So, I was tinkering in the garage yesterday, and my mind wandered back to John Daly. Specifically, him winning those two majors. It’s funny how things stick with you. The ’91 PGA Championship, him being the ninth alternate, just showing up and blasting his way to a win. Unreal.

Then there was the ’95 Open Championship at St. Andrews. Another wild ride. It got me thinking about times when you just throw the usual plan out the window and go for it.
My Own “Grip It and Rip It” Moment
It reminded me of this situation last summer with that stubborn tree stump in the backyard. It wasn’t huge, but it was awkwardly placed, right where I wanted to put a new flower bed. I spent a whole Saturday trying the ‘proper’ way.
- First, I dug around it, trying to expose the roots like all the guides say. Sweated buckets doing that.
- Then, I got out the axe and saw, trying to cut through the main roots. Tedious work, kept hitting rocks.
- After that, I tried leverage with a big steel bar. Just couldn’t get the right angle, the thing wouldn’t budge.
I was getting frustrated, covered in dirt, ready to just give up and plant around the darn thing. I sat there, looking at it, feeling beat. And somehow, the image of Daly just winding up and smashing a drive popped into my head. Not elegant, not careful, just pure commitment and power.
I thought, “What the heck.” I wasn’t going to blow it up or anything crazy, but the finesse approach clearly wasn’t working for me here.
Going Direct
So, I went back to the garage. Didn’t grab the axe this time. I grabbed the biggest sledgehammer I own. The one I rarely use because it feels like overkill.
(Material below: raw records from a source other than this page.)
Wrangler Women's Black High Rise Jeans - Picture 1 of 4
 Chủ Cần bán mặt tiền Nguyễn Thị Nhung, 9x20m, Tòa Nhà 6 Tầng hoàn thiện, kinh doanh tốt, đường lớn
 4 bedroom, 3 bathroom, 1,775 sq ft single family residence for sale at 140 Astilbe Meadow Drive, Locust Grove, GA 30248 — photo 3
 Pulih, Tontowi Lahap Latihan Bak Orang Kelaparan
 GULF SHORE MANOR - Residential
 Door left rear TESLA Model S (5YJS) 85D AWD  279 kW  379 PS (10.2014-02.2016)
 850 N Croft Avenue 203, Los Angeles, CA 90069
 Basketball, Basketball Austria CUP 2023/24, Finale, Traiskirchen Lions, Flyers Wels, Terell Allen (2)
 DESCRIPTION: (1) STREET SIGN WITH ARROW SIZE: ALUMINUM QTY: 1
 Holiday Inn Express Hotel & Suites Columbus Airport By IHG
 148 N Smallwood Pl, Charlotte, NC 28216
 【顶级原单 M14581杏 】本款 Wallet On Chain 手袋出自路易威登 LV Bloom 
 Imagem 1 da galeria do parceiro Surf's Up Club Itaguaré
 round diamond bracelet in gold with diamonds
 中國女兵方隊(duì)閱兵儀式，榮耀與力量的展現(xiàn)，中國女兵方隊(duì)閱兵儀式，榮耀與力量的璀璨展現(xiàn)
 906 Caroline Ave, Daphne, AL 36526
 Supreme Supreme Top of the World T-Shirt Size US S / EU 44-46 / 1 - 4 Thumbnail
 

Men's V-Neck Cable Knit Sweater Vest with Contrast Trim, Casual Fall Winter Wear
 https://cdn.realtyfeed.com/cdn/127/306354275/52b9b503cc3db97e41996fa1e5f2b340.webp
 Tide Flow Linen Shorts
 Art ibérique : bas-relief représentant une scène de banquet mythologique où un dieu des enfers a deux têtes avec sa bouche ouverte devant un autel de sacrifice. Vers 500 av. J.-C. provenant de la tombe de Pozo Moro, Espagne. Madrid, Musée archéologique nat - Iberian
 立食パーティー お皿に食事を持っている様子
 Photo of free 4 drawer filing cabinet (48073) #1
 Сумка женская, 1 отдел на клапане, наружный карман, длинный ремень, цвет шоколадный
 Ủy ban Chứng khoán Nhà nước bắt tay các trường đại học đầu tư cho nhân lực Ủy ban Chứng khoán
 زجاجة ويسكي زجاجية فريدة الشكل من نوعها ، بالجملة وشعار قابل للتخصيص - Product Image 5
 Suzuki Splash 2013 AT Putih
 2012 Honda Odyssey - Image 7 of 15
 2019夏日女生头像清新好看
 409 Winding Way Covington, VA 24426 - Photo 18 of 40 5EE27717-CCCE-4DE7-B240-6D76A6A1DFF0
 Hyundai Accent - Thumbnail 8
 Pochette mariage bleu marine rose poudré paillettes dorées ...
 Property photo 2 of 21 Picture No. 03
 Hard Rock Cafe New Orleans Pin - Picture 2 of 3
I walked back out to the stump. Didn’t worry too much about the smaller roots I hadn’t cut. I just picked a spot on the main bulk of the stump. Took a deep breath, swung that heavy sledgehammer back, and brought it down hard. Not wild, but focused, putting my weight into it.
WHAM!
A satisfying thud. Did it again. And again. I wasn’t trying to be surgical anymore. I was just trying to break its will, loosen things up through brute force.
After about ten solid hits, focusing on cracking the main part, I grabbed that steel bar again. Wedged it underneath. This time, when I put my weight on it, I heard a crack. A real one. The whole stump shifted.
A few more heaves, and maybe breaking one or two more smaller roots with some direct hits from the sledge, and the thing just sort of ripped free from the ground. It wasn’t pretty. Left a bigger hole than I planned. But the stump was out.

Took me maybe 20 minutes of the ‘Daly method’ versus hours of the ‘proper’ way yielding nothing but sweat.
Sometimes, I guess, you just gotta stop overthinking, trust your gut, and hit it hard. Worked for John Daly winning those majors, and hey, it worked for getting that stump out of my yard. Rough around the edges, maybe, but effective.